I was left out in the open, with my dad gaining on me.
My energy was flagging a bit, but I still had a lot of fight left. I reached the corner of the maintenance building, turned toward my dad, and called to mind a term I'd heard the 8th-grade girls casually lob at the boys from time to time.
"Get away from me, you pervert!" I yelled. Then I sprinted around the side of the building.
I remember a mom with a stroller stopping dead in her tracks to stare at me.
"Haha! You'll never catch me, you pervert!" I screamed as I rounded the back of the building.
"Pervert, pervert, pervert!" I chanted as I took off toward the merry-go-round, drunk on speed and my own coolness.
A group of kids near the monkey bars had gone strangely quiet.

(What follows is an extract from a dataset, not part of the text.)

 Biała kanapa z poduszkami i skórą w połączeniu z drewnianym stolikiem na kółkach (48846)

My dad finally caught up with me as I reached the merry-go-round. His face was red. His mouth looked stiff. "Geez, he's taking this game pretty seriously," I thought, just as he grabbed me by the arm.
"Let go of me, you pervert," I laughed.
My dad looked like he had just been brutally goosed. With his eyes still wide, he leaned down and hissed, "Jeeeeesus Christ, Jessie. Shut the hell up!"

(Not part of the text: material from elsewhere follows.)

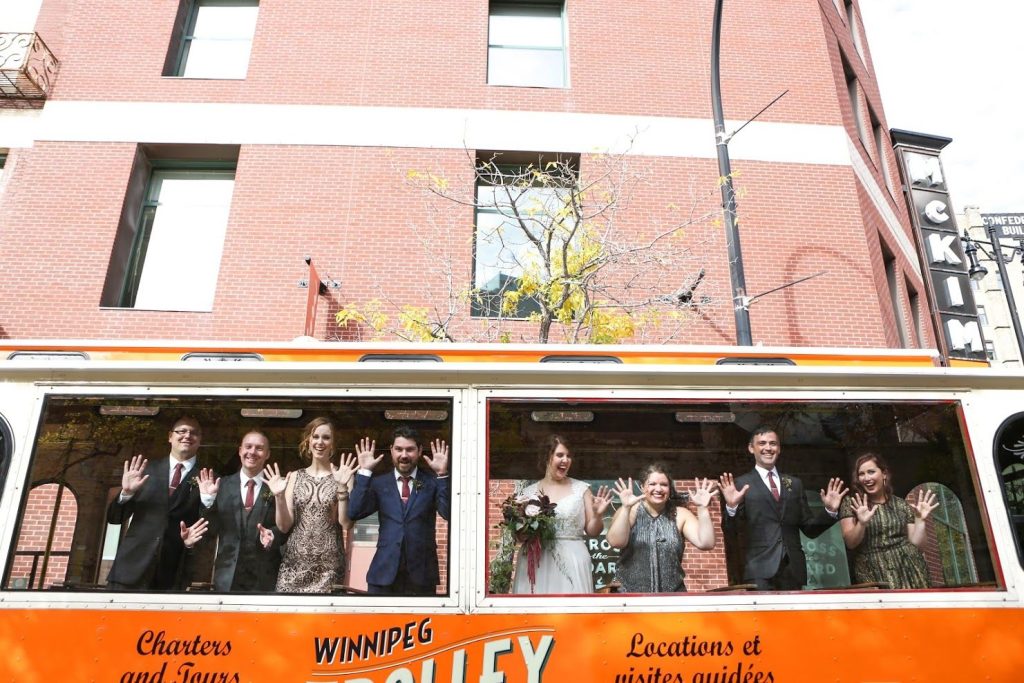 Wedding party waving from the trolley windows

Suffice it to say that our day at the park ended right then and there. On the ride home, my dad wanted to know where exactly I'd picked up my fun new word, but I guess he was just too tapped out to explain what the word actually meant. I had to sleuth out the definition on my own during recess later that week. It was a gut-churning revelation.
Thirty years later, I still remember how my dad hustled us out of the park that day, his hand held gently at my back, urging me to walk a bit more quickly. I remember hearing him sigh and thinking to myself, "Boy, I really wore Dad out!" I remember feeling briefly and cluelessly cool.
So do I like that my son shouts "cock" at his daycare provider? No. Do I like using "hineyhole" when the situation merits something much stronger? No. But karmically speaking, I have bigger perverts to fry.